Updates in Story (and life)
A lot has happened over the course of this trip. It’s been very emotional at times and I’ve had to think a lot about my family and my future. Because the source material of this project is literally my life, a lot of where I wanted to go with this story has changed.
Before, the main focus of this story was going to be queerness. However, that feels a bit disingenuous; figuring out my identity was a struggle and affected me and my home life a lot, but it was never the biggest thing on my mind. I think I want it to be a lesser focus, and instead have the family’s relationship with each other take the spotlight. If this were a feature-length film, I’d dedicate more screentime to the other family members, and likely change the structure, but for the sake of this opening there’s really only a few changes.
Instead of a love interest going with Opal to see their family, it’s their older sibling picking them up from the train station (to go see their family). Also, I still plan on cutting to Incandescent, with the sound in the background being the parents fighting. Again, if this were longer I would change the structure, but for the sake of a two-minute opening I think it’s a solid device that will generate interest.
By the end of this week I will have developed a storyboard and detailed description of the plot, along with a timeline. But the rest of this post will be dedicated to two films I mentioned last time, Brokeback Mountain and Moonlight.
Film Studies
Content
The first thing I want to talk about is the overall story of each piece. Moonlight is about Chiron’s early life, in three different stages. My piece follows a similar structure, dividing the story in two stages, but the main difference is that each point in Chiron’s life is a specific range of time; a couple of days or weeks, after which it skips to about a decade or so later. Mine is kind of all over the place; Incandescent takes place during the “early years”, but that’s so vague. It makes more sense to keep it to one time frame, which will be Opal’s senior year of high school. Iridescent is a period lasting decades, which I’m not completely opposed to, as it juxtaposes the one year quite well, but at this point I want to cut that part completely.
As a matter of fact, as I write this section of the post, I’ve come to disagree with what I wrote earlier, regarding not changing the structure for the opening at all. Firstly, I finally landed on a title; Incandescent. Instead of it being just a piece of the story, it will be the entire story. I don’t feel as though I have enough life experience to write a version of me that doesn’t even exist yet. I will also follow Moonlight’s example of a triadic structure, though the points in time will be much closer.

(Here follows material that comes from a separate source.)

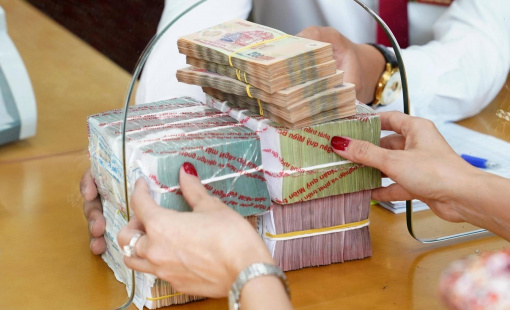 Doanh nghiệp cạn vốn, tăng trưởng tiền gửi xuống mức thấp kỷ lục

Back to content, I found that Brokeback Mountain’s isolation of Jack and Ennis in the beginning is an interesting way to bring characters together, and might be something I would try to explore for the first act, but it’s not really something I think I can tie into the plan I already have for the opening. I can isolate Sam when it cuts to him, but using isolation to develop one character is much different than using it to develop a relationship like Jack and Ennis’. I also like how Brokeback takes place over a long period of time, as long-term stories are definitely something I want to explore when I write as an adult. However, for reasons stated in the previous paragraph, that is no longer something I want to do for Incandescent.
Opening
What I found especially interesting between those two films and my ideas was the difference between what each wanted to establish. Brokeback used a series of Wide and Extreme Wide Shots throughout the first two minutes to establish setting. The serene, picturesque mountain range dwarfs Ennis, and it also juxtaposes the loud train that runs by Joe Aguirre’s drab office. It makes Ennis seem almost insignificant.

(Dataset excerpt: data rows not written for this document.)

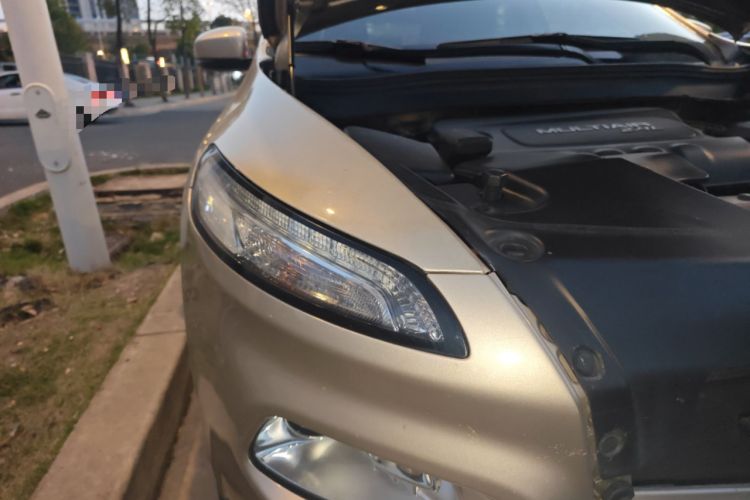 Used Jeep Cherokee 2014 2.4L Luxury Edition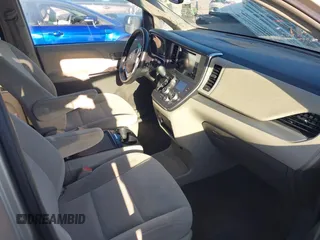 2017 Toyota Sienna LE Auto Access Seat with VIN 5TDKZ3DC5HS786195, listed as a IAAI auction lot 41829226 with 138,047 mi miles. Bid and sale history available at carsss.com. Image 5.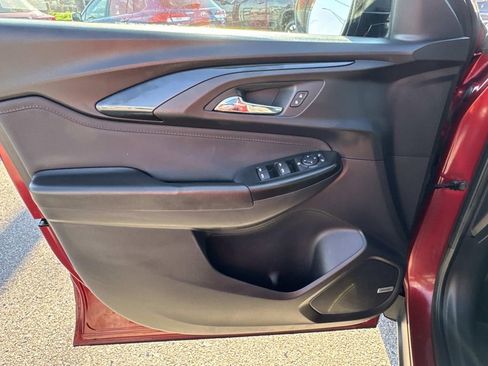 Used 2022 Chevrolet TrailBlazer RS w/ Technology Package image 18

On the other hand, Moonlight uses it first two minutes to establish character. Interestingly, it establishes a side character, Juan. Juan is practically Chiron’s father in the movie, and his position is established with one continuous opening shot, following him exiting a car to check in with one of his drug dealers. The camera often winds around the scene’s action (a technique used a lot throughout the film) as Juan seems unbothered by the argument going on in front of him.

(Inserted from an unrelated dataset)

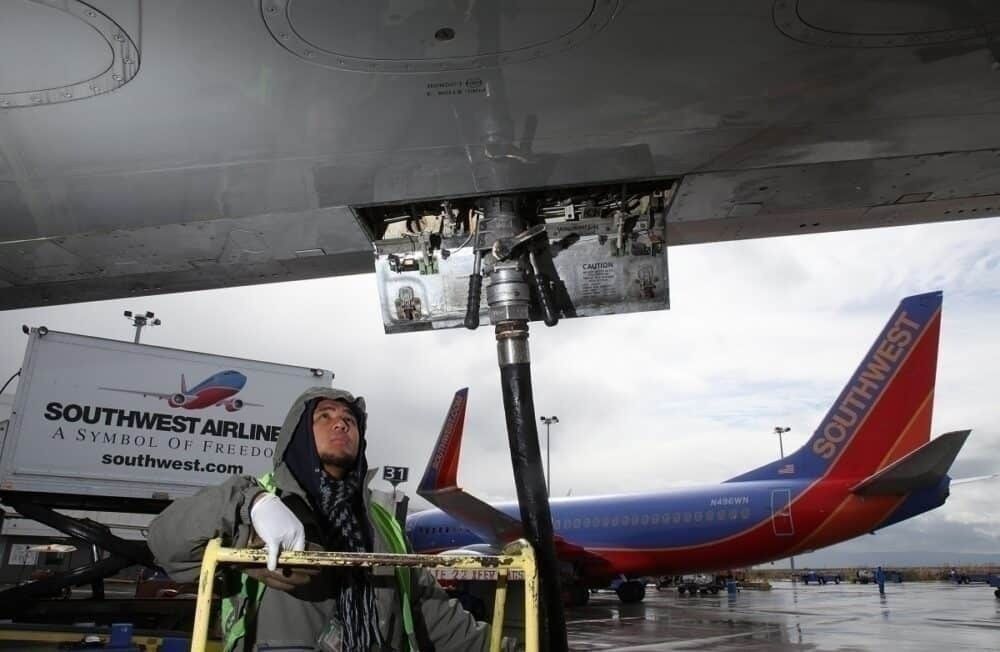 شکل ۸. زیرساخت سوختگیری جدید یک چالش عمده است.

Of the two, Moonlight is more closely related to my own ideas, as I wanted to establish a character with my opening, but it gave me an interesting alternative. Instead of focusing on Opal, I could focus on a supporting character. This had influenced my decision to focus on a love interest in Tuesday’s post, which will now be changed to an older sibling. In terms of cinematography, I don’t find the continuous shot to be very appealing. It’s not very practical for the level of equipment I have access to, and besides that I don’t really like the technique very much. I do like the Extreme Wide Shots, and I think I will use them, but I don’t want to dedicate my entire two minutes to establishing setting. If anything it’ll just be one or two shots.
Takeaways
I’ve found a lot of inspiration in these films. Not just for my opening, but for the overarching story. But now that I’ve decided to shift my focus to include more of Opal’s family, I want to look for films that center around a single character while developing a supporting group. Doing so won’t be of much value to my opening, as I only need to hint towards those themes, but I would like to treat the project as if I were actually filming all of it.